Из-за сильных грозовых засветок на локаторе маршрутные полеты той ночи толком прослежены не были. Локаторщикам, понятно, сделали крупный «втык» по этому поводу, а мне повезло: по совершенной случайности время посадки почти точно совпало с проставленным в плановой таблице. И никто меня поэтому ни о чем не спросил: улетел по плану, прилетел — по плану… А сам я ни о чем распространяться не стал.

Рассказываю теперь.

Кому и для чего?

Боюсь, если вы этого не ощутили сами, никакой развернутый комментарий мне не поможет. Значит, плохой я рассказчик.

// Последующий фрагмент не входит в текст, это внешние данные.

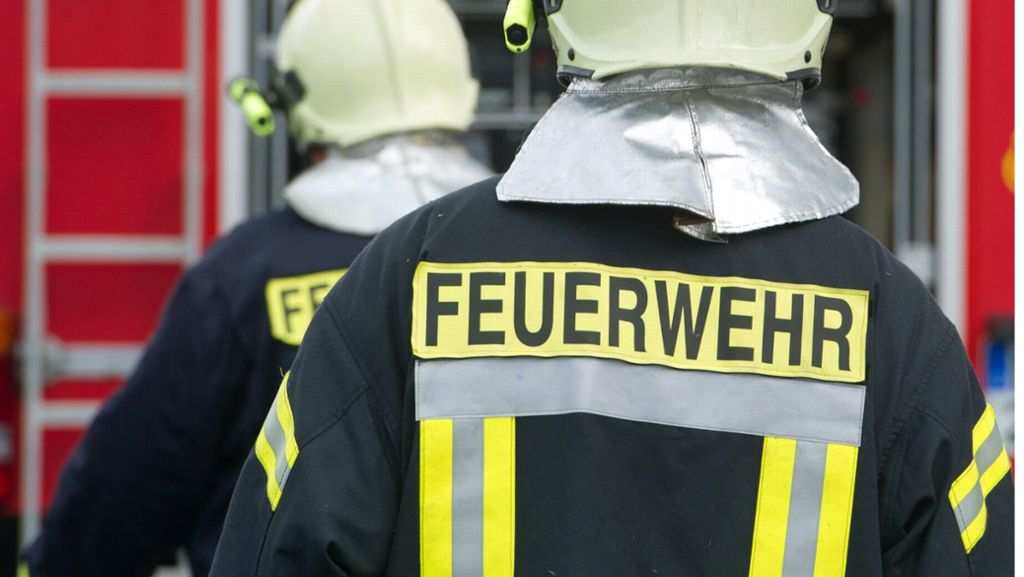 Brand in Ludwigsburg: 15 000 Euro Schaden: Feuer greift auf Fahrzeug   über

И все же: во время большой войны я был летчиком Карельского фронта. Холодина, темнотища всю зиму, метели, ветры… И вот однажды мы получаем подарок от… королевы Великобритании — в больших прозрачных пакетах королева союзной державы прислала нам, мерзнущим пилотягам Карельского фронта, замечательно удобные летные костюмы из тонкой натуральной овчины. И в каждый пакет была вложена записка:

«Желаю жизни! Елизавета».

Увы, я не король, но кто может мне помешать пожелать жизни всем летающим?!